Description
The GenericWordState class allows you to create a WordState that returns a word from a scanner.
Important points
- Like other states, a tokenizer transfers the job of reading to this state, depending on an initial character.
- This state determines which characters may appear as a second or later character in a word. These are typically different sets of characters. In particular, it is typical for digits to appear as parts of a word, but not as the initial character of a word.
- By default, the following characters may appear in a word (The method setWordChars() allows customizing this):
As well as: minus sign, underscore, and apostrophe.From To 'a', 'z' 'A', 'Z' '0', '9'
Constructors
NewGenericWordState
Constructs a word state with a default idea of what characters are admissible inside a word (as described in the class comment).

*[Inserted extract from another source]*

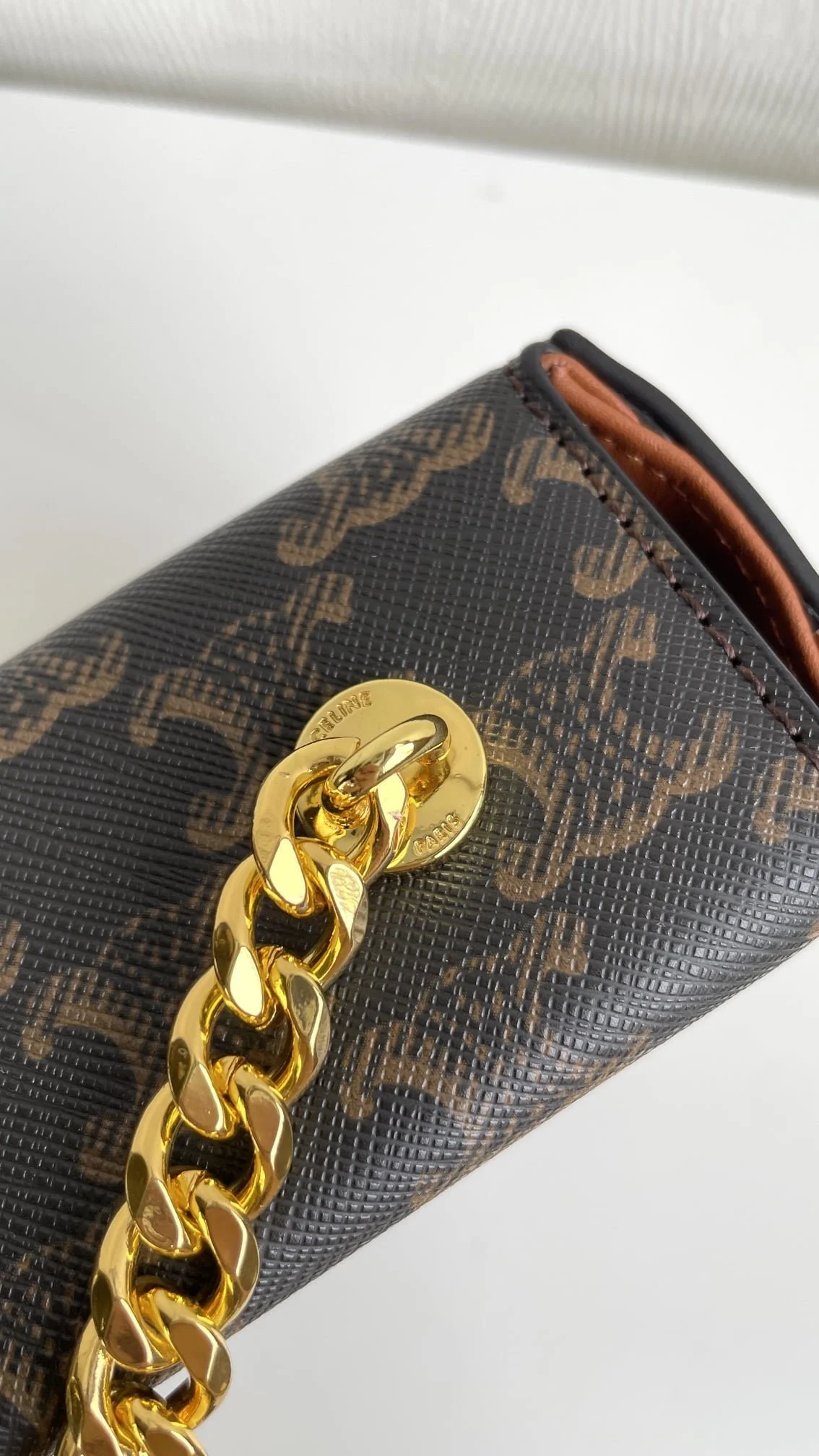 CELINE Presbyopia pattern Chain bag Size: 22 * 13.5 * 6cm - LITELUX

NewGenericWordState() *GenericWordState
Methods
ClearWordChars
Clears definitions of word chars.
c *GenericWordState) ClearWordChars()
NextToken
Ignores a word (such as blanks and tabs), and returns the tokenizer’s next token.

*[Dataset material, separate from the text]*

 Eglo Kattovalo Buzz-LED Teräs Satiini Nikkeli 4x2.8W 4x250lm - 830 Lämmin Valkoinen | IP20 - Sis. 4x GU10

(c *GenericWordState) NextToken(scanner IScanner, tokenizer ITokenizer) *Token
- scanner: IScanner - textual string to be tokenized.
- tokenizer: ITokenizer - tokenizer class that controls the process.
- returns: *Token - next token from the top of the stream.
SetWordChars
Establishes characters in the given range as valid characters for part of a word after the first character. Note that the tokenizer must determine which characters are valid as the beginning character of a word.
(c *GenericWordState) SetWordChars(fromSymbol rune, toSymbol rune, enable bool)
- fromSymbol: rune - first character index of the interval.
- toSymbol: rune - last character index of the interval.
- enable: bool - true if this state should ignore characters in the given range.